▶ MATERIAL FOR THIS TASK:

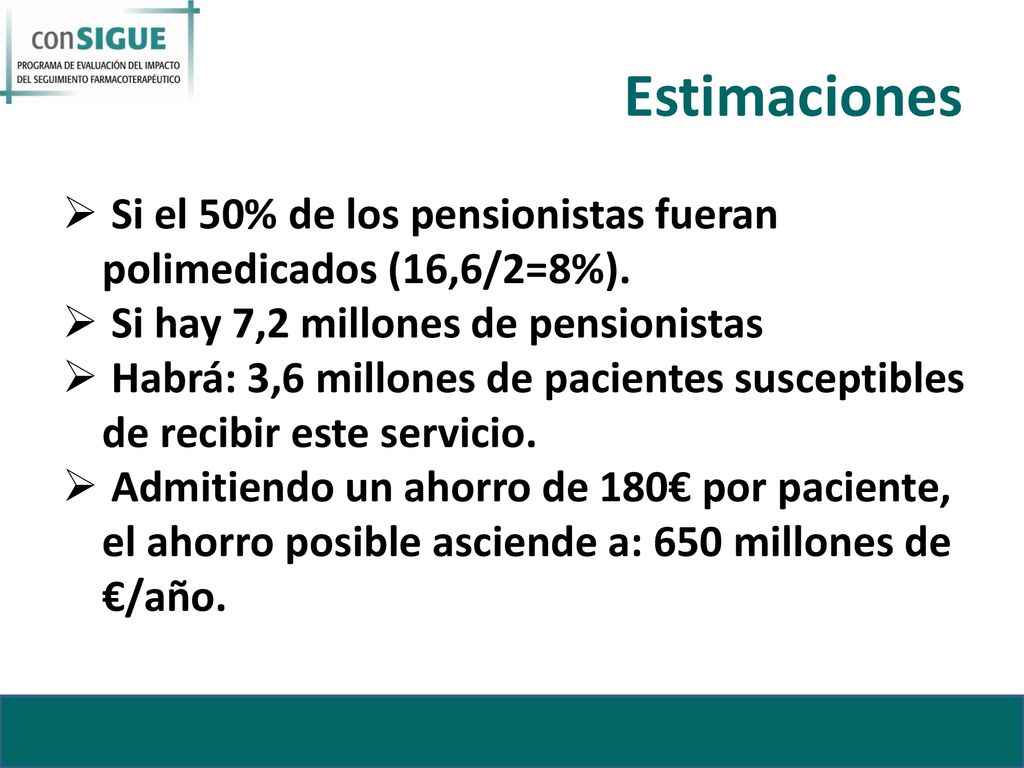 Estimaciones Si el 50% de los pensionistas fueran polimedicados (16,6/2=8%). Si hay 7,2 millones de pensionistas.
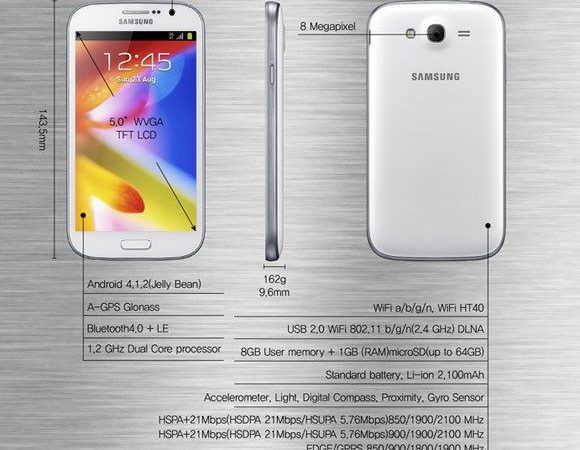 Samsung galaxy grand full specification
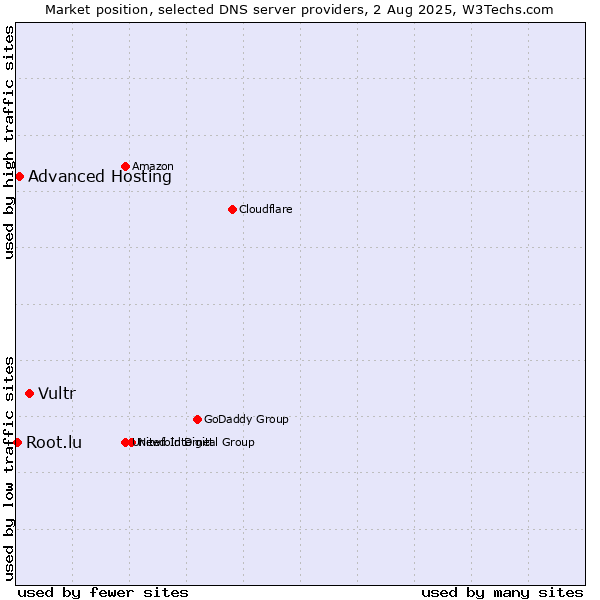 Market position of Vultr vs. Advanced Hosting vs. Root.lu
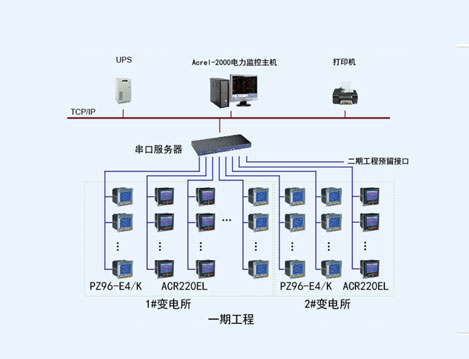 天津運載火箭產(chǎn)業(yè)化基地電力監(jiān)控系統(tǒng)的設(shè)計與應(yīng)用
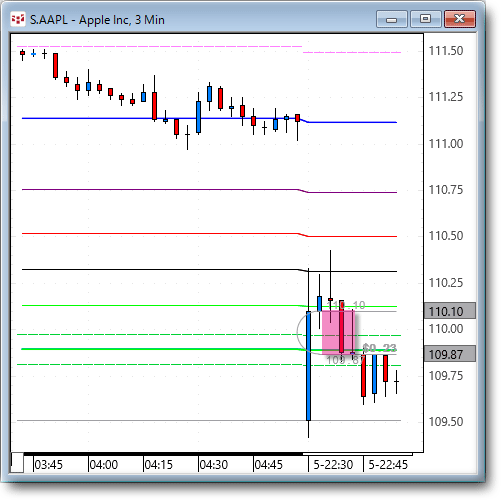 AAPL0405.gif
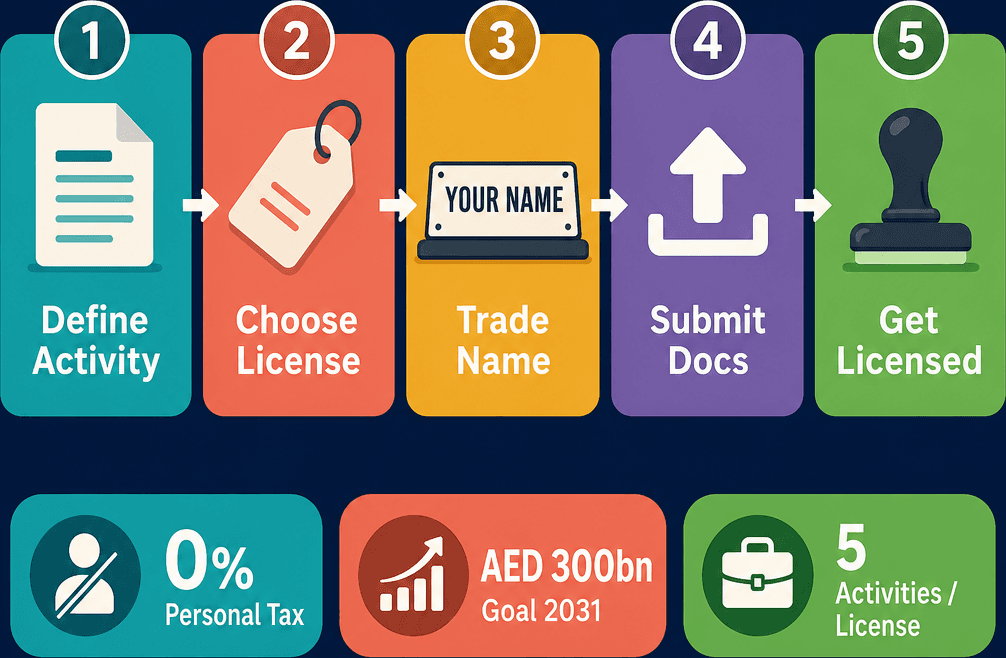 Infographic: Starting a Business in Dubai as a Foreigner: Proven Steps to Build Your Dream Company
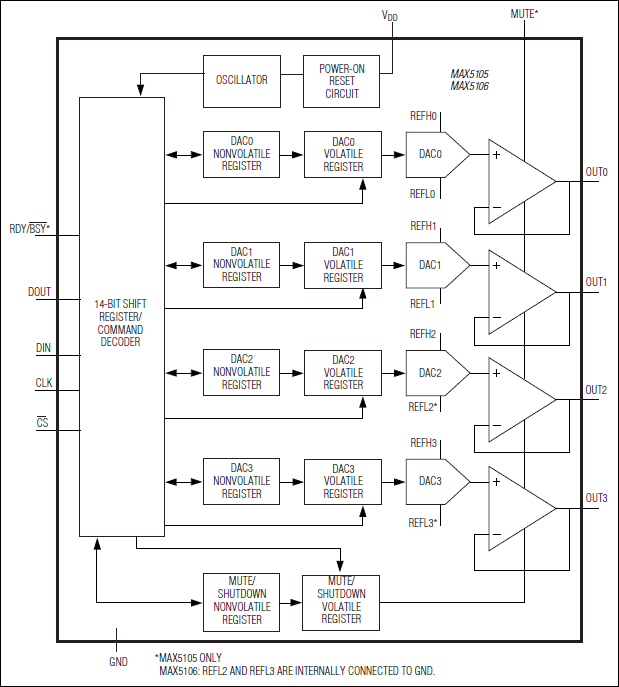 MAX5105, MAX5106: Functional Diagram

▶ TASK REQUIREMENTS: The whole listing should be transcribed exactly, though its pictures must be left out.

▶ EXPECTED ANSWER:
 Estimaciones Si el 50% de los pensionistas fueran polimedicados (16,6/2=8%). Si hay 7,2 millones de pensionistas.
 Samsung galaxy grand full specification
 Market position of Vultr vs. Advanced Hosting vs. Root.lu
 天津運載火箭產(chǎn)業(yè)化基地電力監(jiān)控系統(tǒng)的設(shè)計與應(yīng)用
 AAPL0405.gif
 Infographic: Starting a Business in Dubai as a Foreigner: Proven Steps to Build Your Dream Company
 MAX5105, MAX5106: Functional Diagram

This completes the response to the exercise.